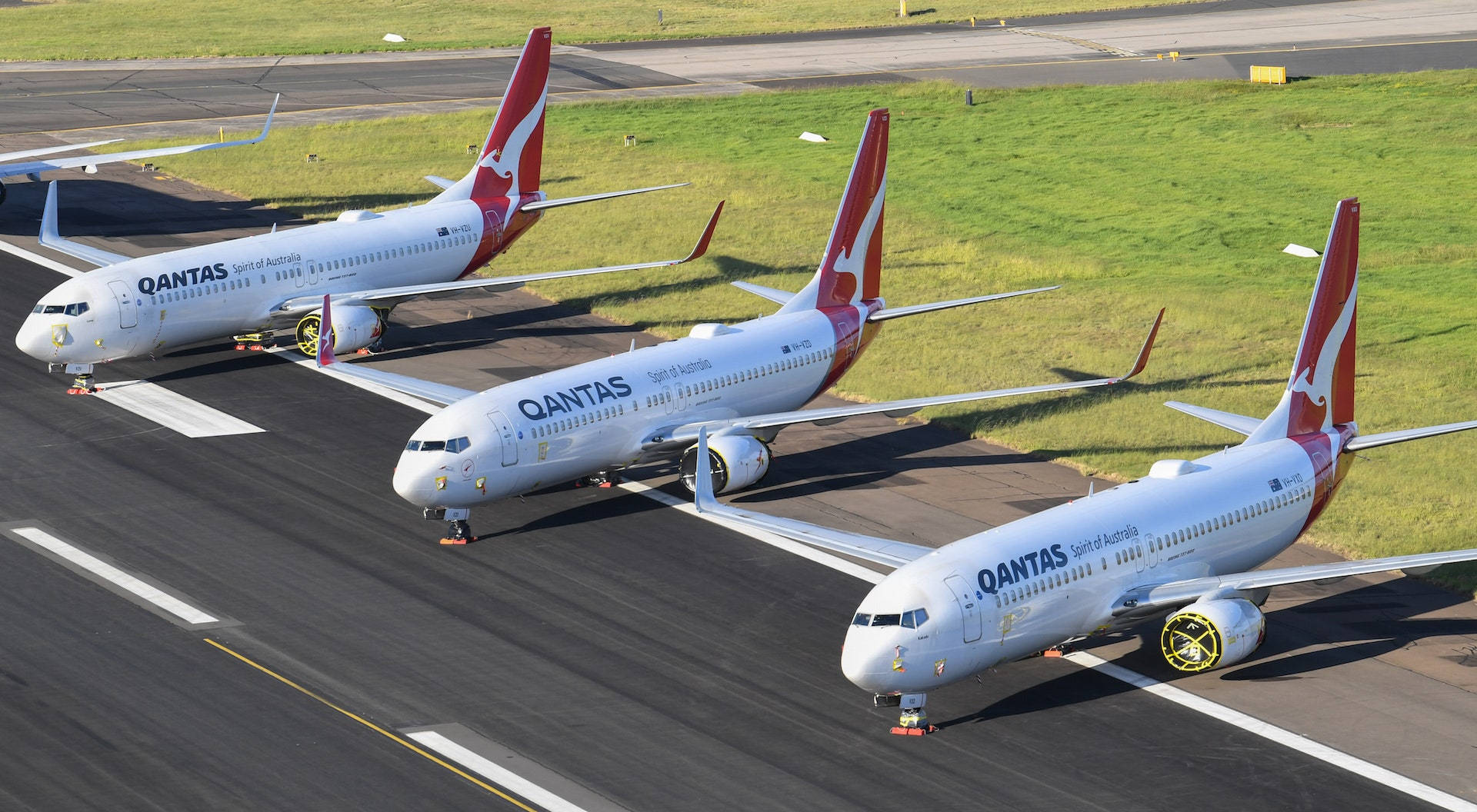 Avionesde Qantas En El Aeropuerto. Fondo de pantalla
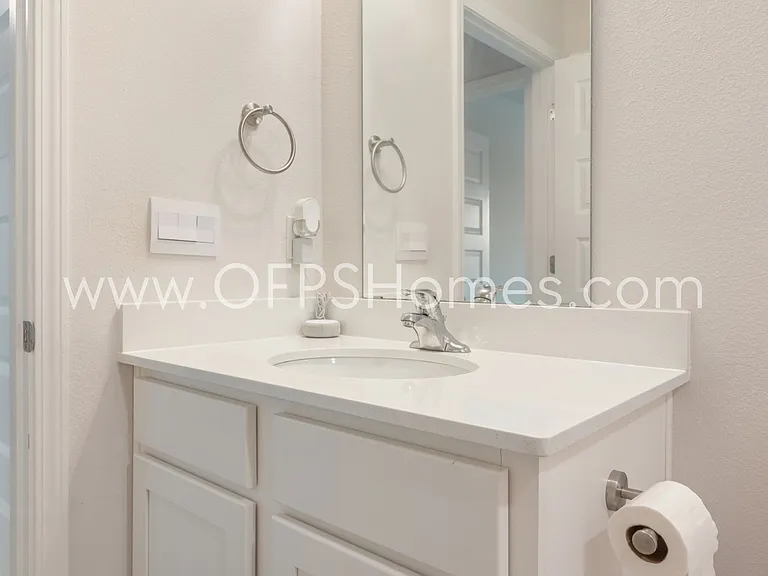 4627 Naval Ct — Photo 7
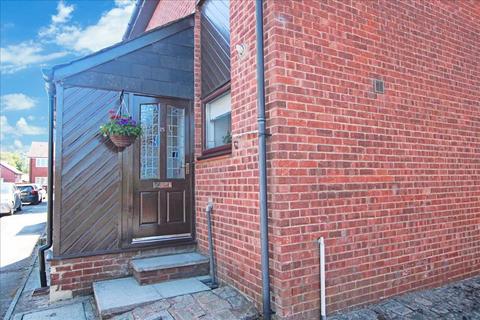 2 bedroom end of terrace house for sale - Grundy Street, Westhoughton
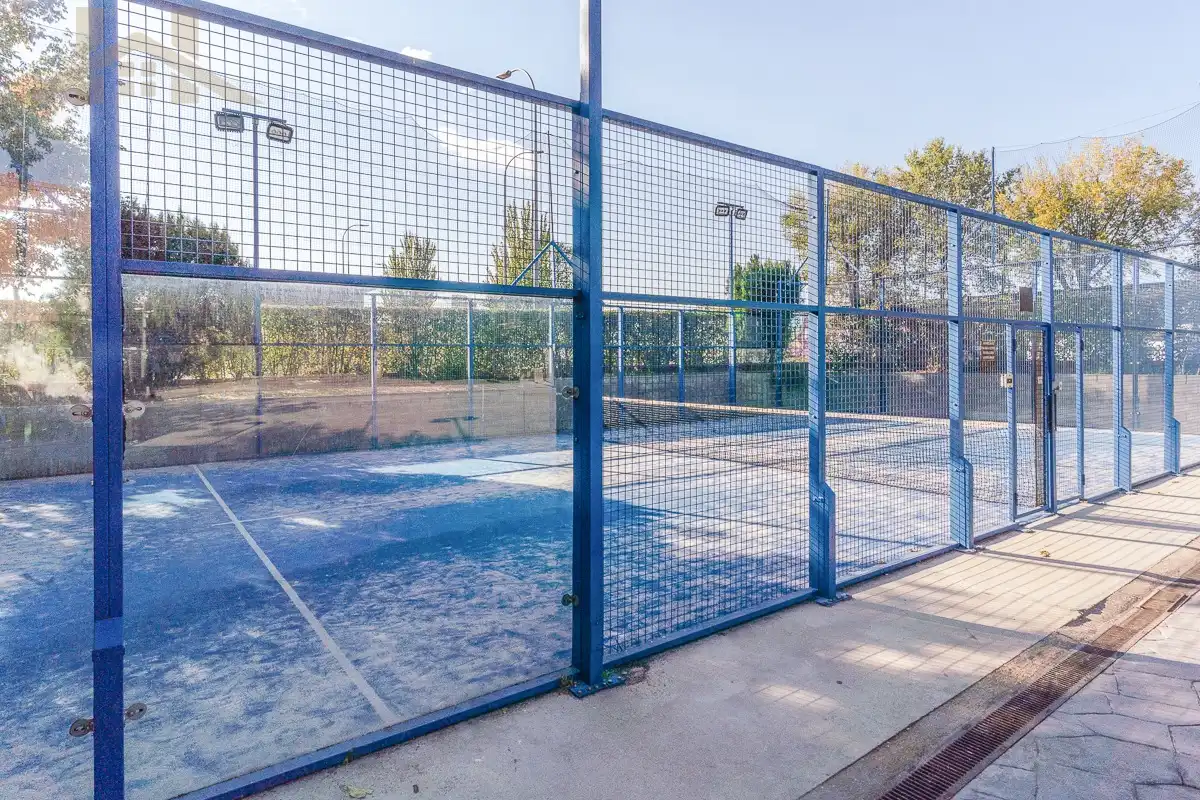 Flat with pool for sale in Calle los Curas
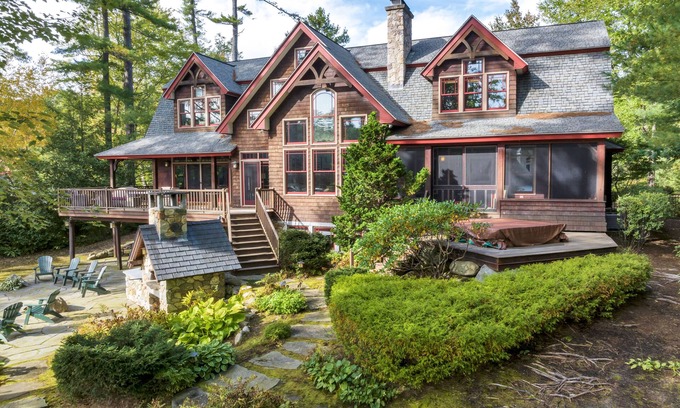 Moultonborough Casa | Pet Friendly Moose Lodge on Lake Winnipesaukee Sleeps 14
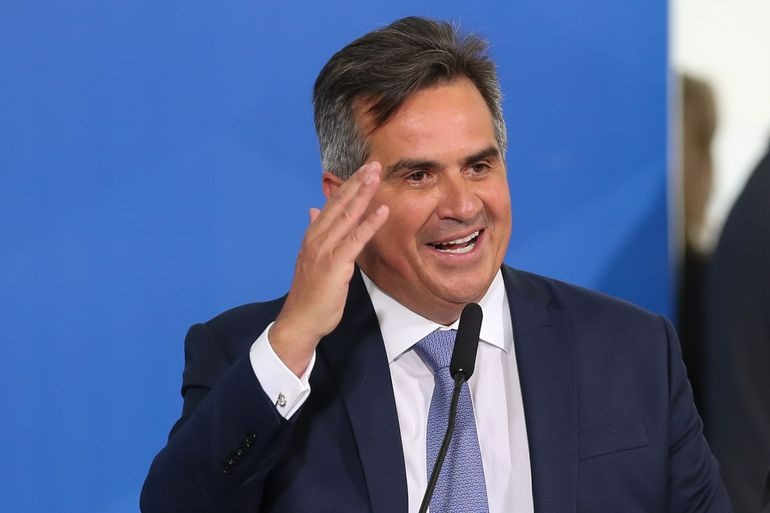 Ministro de Bolsonaro diz que vai iniciar transição de governo e cumprir a lei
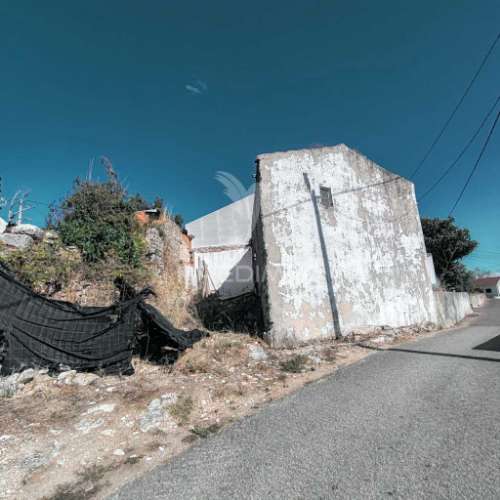 Ruina para recuperar em lagoa do furadouro.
══════════════════════════════
Up to and including the last line of the listing, starting at the line with "4627 Naval Ct — Photo 7", extract every line exactly and leave out the pictures.

* ANSWER AREA:
 4627 Naval Ct — Photo 7
 2 bedroom end of terrace house for sale - Grundy Street, Westhoughton
 Flat with pool for sale in Calle los Curas
 Moultonborough Casa | Pet Friendly Moose Lodge on Lake Winnipesaukee Sleeps 14
 Ministro de Bolsonaro diz que vai iniciar transição de governo e cumprir a lei
 Ruina para recuperar em lagoa do furadouro.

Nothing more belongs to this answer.